Databricks calls this scalable, open, collaborative platform the Lakehouse, which combines what data lakes and data warehouses do best. Agencies can do transactional logic, have superior governance, and massive scale for all sorts of data sets – not just for cybersecurity, but any number of data-driven use cases. This capability is core to any data analytics and AI capability that an organization would want.
MeriTalk: What are the advantages of working with Databricks to fulfil the requirements of M-21-31?
Merza: Number one, Databricks’ pricing model is driven by what you use or analyze and not what you collect and store. This helps agencies operate within the same cost envelope that they are operating in today. Number two, Databricks is built on open-source technologies.
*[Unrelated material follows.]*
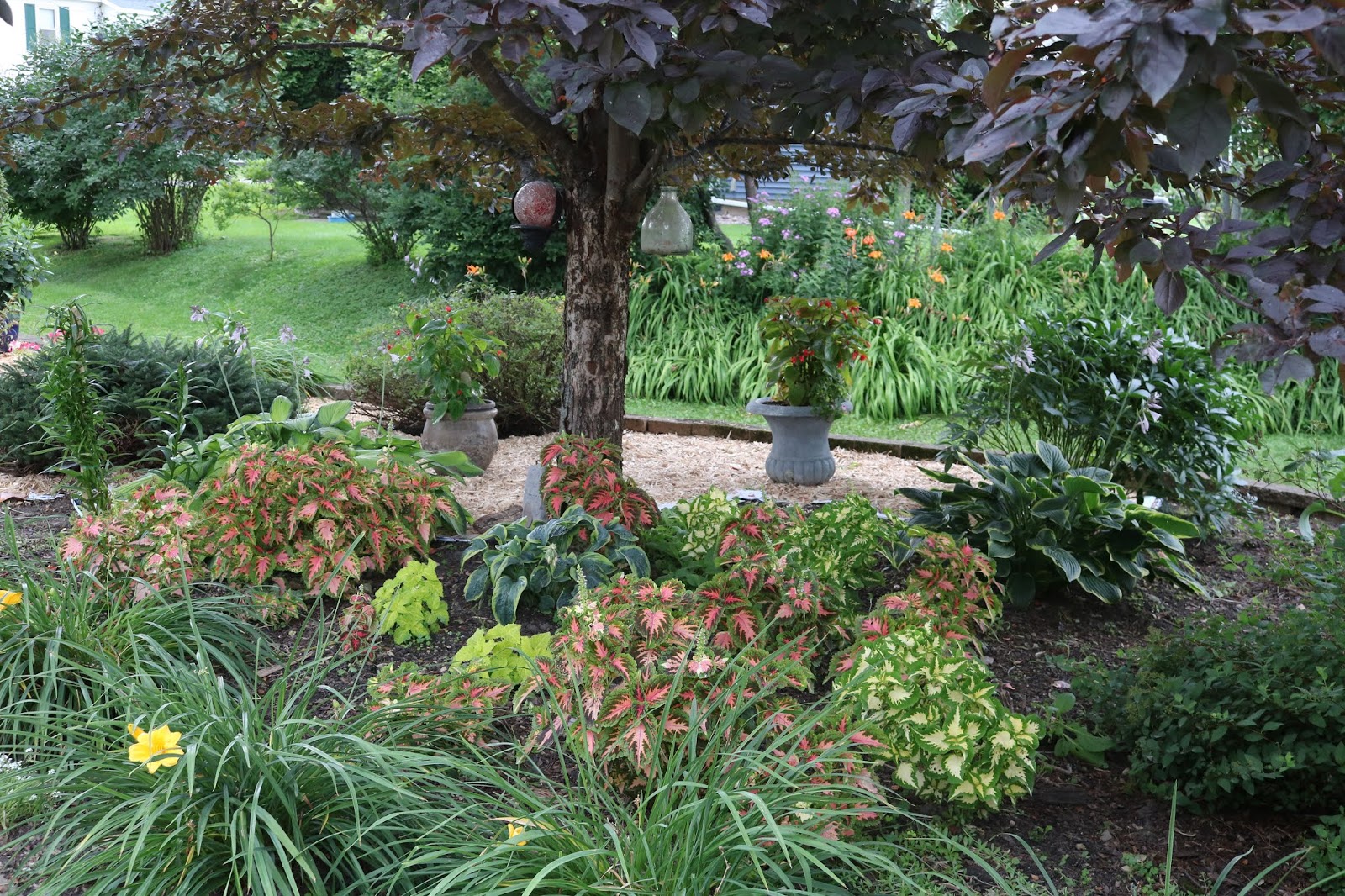 Spotlight On Bobo Hydrangea Youtube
Number three, Databricks scales to accommodate massive data volumes, and because of our pricing model, agencies don’t have to worry about paying more.
Also, Databricks’ ability to do ML and AI lets you detect more sophisticated threats and do analytical automation. You can do better analytics and faster detection with the same number of people and the same processes.
Because Databricks integrates with a wide range of data sources, developer tools, and partner solutions, agencies can start achieving M-21-31 maturity without having to throw away their processes or forklift everything.
Databricks is multi-cloud; it’s native to all major cloud service providers. A lot of large government agencies have infrastructure in multiple clouds, and they need to do logging in all of them. It’s impractical to bring all that data back into one cloud because egress costs are very high. Databricks enables agencies to analyze the data where it lives. It doesn’t sound like much, but it is huge from a cost and operations perspective.